As long as the outer peripheral surface of the non-press-fit portion 92 as a whole is a non-contact surface that is neither pressed against nor held in contact with the center housing 40, the outer peripheral surface may include dents and projections.

The first to fourth embodiments may be modified as follows.

That is, with reference to FIG. 10, in the bearing portion 50 of each of the first to fourth embodiments, a key 96 extending in the axial direction may be projected from the press-contact surface 54 of the bearing member 51a, 51b, 70, 80, 90 at such a position that the key 96 does not interfere with the oil inlet port 59. In this case, a key groove 97 is formed in the peripheral surface of the insertion hole 41 of the center housing 40. This configuration facilitates positioning of the oil supply line 42 and the oil guide line 58 relative to each other.

Claims

1. A bearing structure for a turbocharger, comprising:

a center housing that is arranged between a turbine wheel and a compressor wheel and has an insertion hole;

a rotary shaft inserted through the insertion hole to couple the turbine wheel and the compressor wheel together;

a pair of bearing members that are press-fitted in a gap between the rotary shaft and the center housing and rotationally support the rotary shaft; and

a restriction member that is held by the rotary shaft at a position between the two bearing members and restricts movement of the rotary shaft in a thrust direction by being engaged with the bearing members, wherein

each of the bearing members has an engagement surface engaged with the restriction member, and

an oil supply port is formed in each of the engagement surfaces.

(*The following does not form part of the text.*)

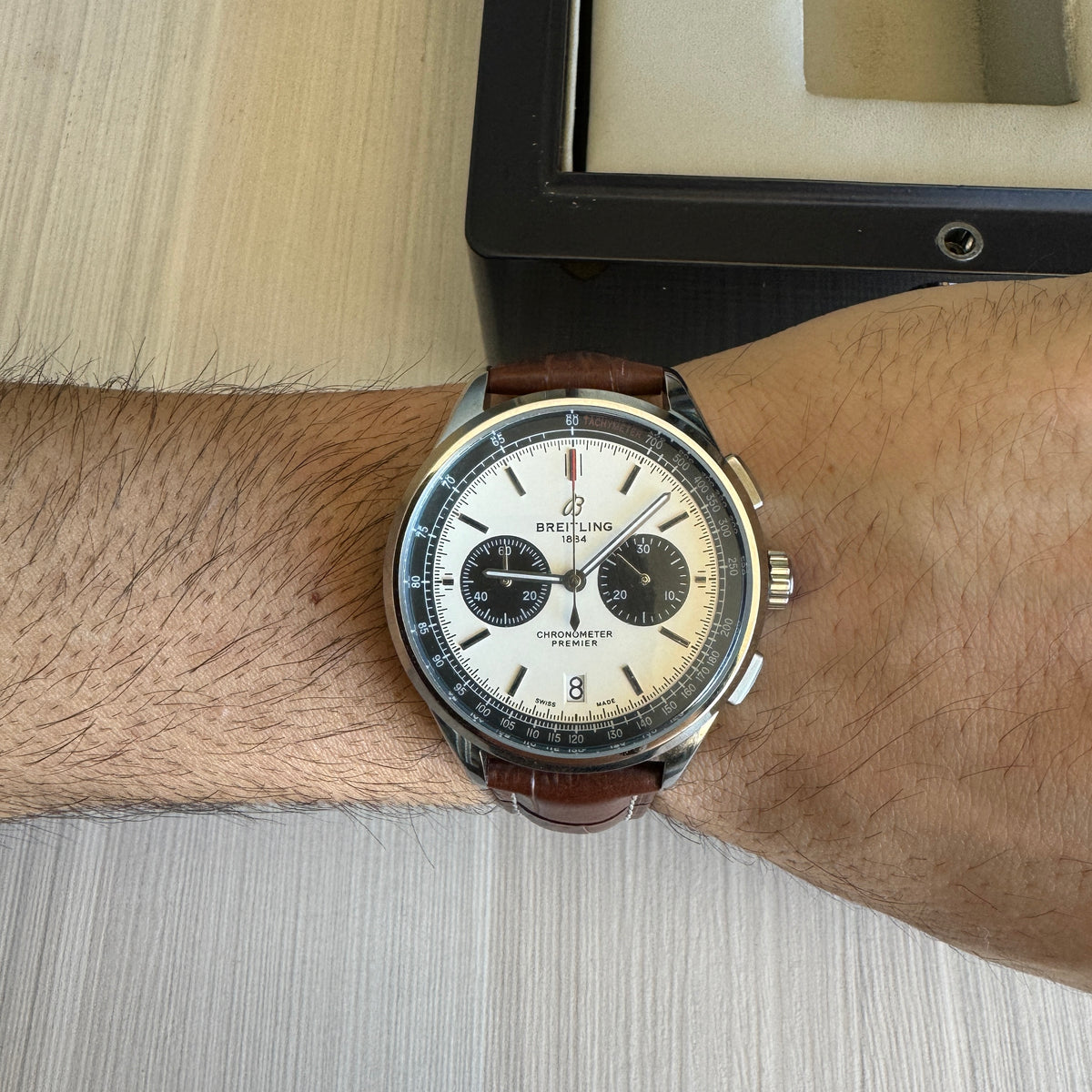 BREITLING PREMIER PRATA COURO 43MM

2. The bearing structure according to claim 1, wherein the bearing members are formed of plastic.

3. The bearing structure according to claim 1, wherein

each of the bearing members includes an end portion located closer to the compressor wheel and an end portion located closer to the turbine wheel, and

a recess is formed in an outer periphery of at least one of the end portions.

4. The bearing structure according to claim 1, wherein

each of the bearing members is formed of plastic and includes a recess formed in a portion of an outer periphery of the bearing member and a press-contact surface pressed against the center housing, and

the press-contact surface is formed by a superficial layer.

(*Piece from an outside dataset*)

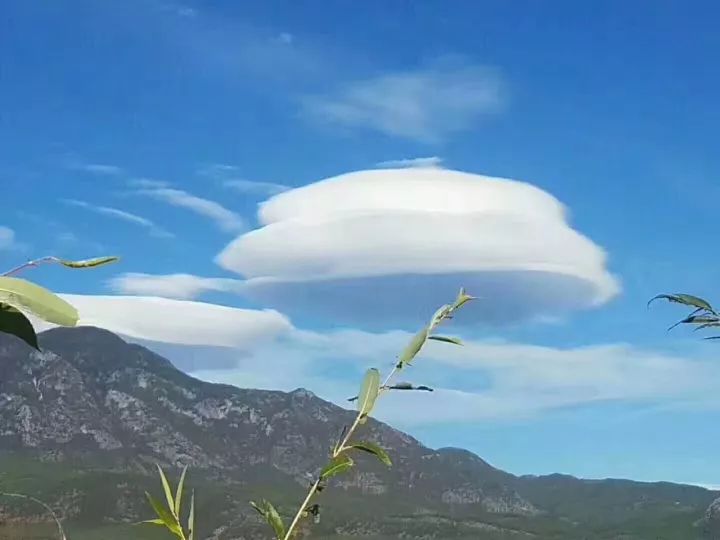 丽江惊现ufo云,惊动了美国宇航局,惊艳了全宇宙!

5. The bearing structure according to claim 1, wherein the recess includes a plurality of groove portions arranged in a circumferential direction and spaced apart at equal intervals.

6. The bearing structure according to claim 1, wherein the recess is one of a pair of recesses that extend along full circumferences of opposite end portions of each of the bearing members.

7. The bearing structure according to claim 1, wherein the recess includes a groove portion that is formed in an axial middle portion of each of the bearing members and extends along a full circumference of the bearing member.

8. The bearing structure according to claim 1, wherein the compressor wheel includes a side wall portion surrounding an impeller portion.